4. Arrange a dashboard
Alongside chat apps, you need to use business process management software that lets managers supervise employee performance and build connections within the team. The best starting point is to choose a data visualization tool that helps translate data into diagrams, charts, and mind maps as well as offers a customizable dashboard where you can track your workload, performance, and changes to projects and human resources involved in your projects. My recommendation would be Google Data Studio. It allows you to import data from different systems and work with it simultaneously.
5. Set up regular meetings
Being on the same page with each other is the key to getting work done in the right manner. The simplest way to achieve this is through regular meetings between the expert manager and the team in which both discuss work-related issues and develop a smart strategy to reach one or another goal. What you should keep in mind is that the outcome of the team’s work is always a result of your efforts in explaining your vision and objectives to them. To cultivate a good level of understanding, you should have 1 to 3 meetings a month depending on the complexity of your project and goals.
6. Prepare a presentation for every new meeting
Managers should prepare an engaging presentation for every new meeting. It is necessary to structure the information they are going to say as well as remove unnecessary details that will complicate the team’s understanding. Moreover, the process of preparation usually gives some more insights that pop up when the manager is wrapped up in their work.
A good presentation is typically structured by doing the following:
– outlining completed tasks and tasks-to-do in the backlog;
– reviewing the dashboard and commenting on the latest updates;
– discussing work-related and/or project-related issues within the team.
7. Select team members to meet with
My next point is that you do not need to have all team members in the same meeting to change the way your department works or implement a new high-level strategy. It is enough to invite a few managers and team leads to convey your idea or describe changes that you would like to make to your business processes. Their role will be to decompose this goal into smaller tasks and assign them to different workers with regard to their field of expertise. Holding smaller, shorter meetings is an effective way to organize a workflow within and between streams.

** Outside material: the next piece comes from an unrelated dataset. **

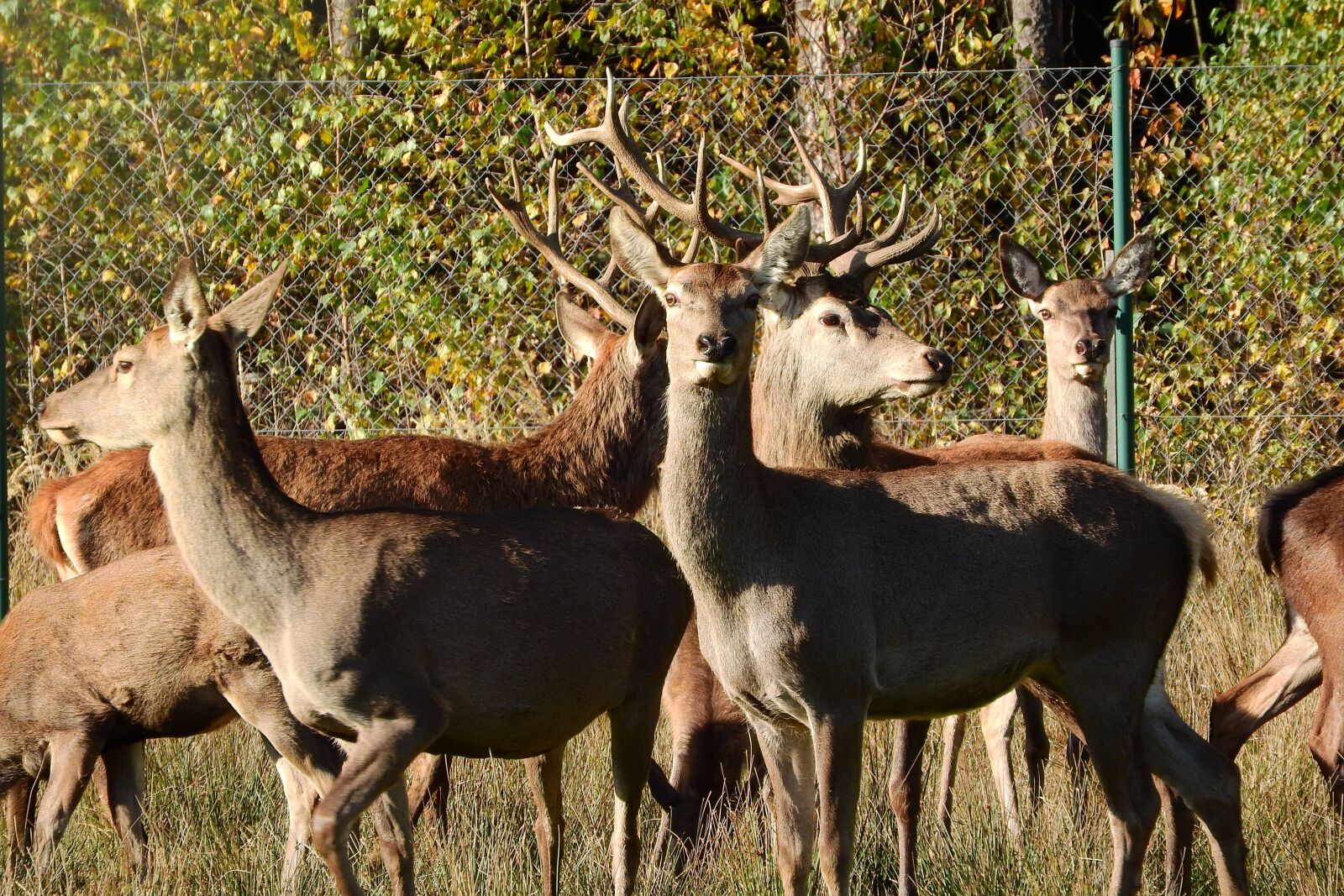 Nikon Coolpix P610 sample photo. Hart, doe, park photography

8. Provide follow-up to relevant team members
All meetings should be completed with a follow-up that briefly outlines the key points discussed during the meeting. This follow-up is sent to all participants, including the speaker. This practice is necessary to fix the most essential insights and conclusions that were made during a meeting. Do not forget to provide the link to the presentations so that all managers and team leads can access them whenever they manage processes or make decisions. Similarly, it allows other team members who were not present in meetings to keep up with the changes being introduced to the company’s organization.
I see this set of rules as a fundamental basis for growing a large company, but it works equally well for the management of small and medium-sized businesses. You can alter and complement it with other rules until you achieve the most convenient organizational structure that fits your business goals.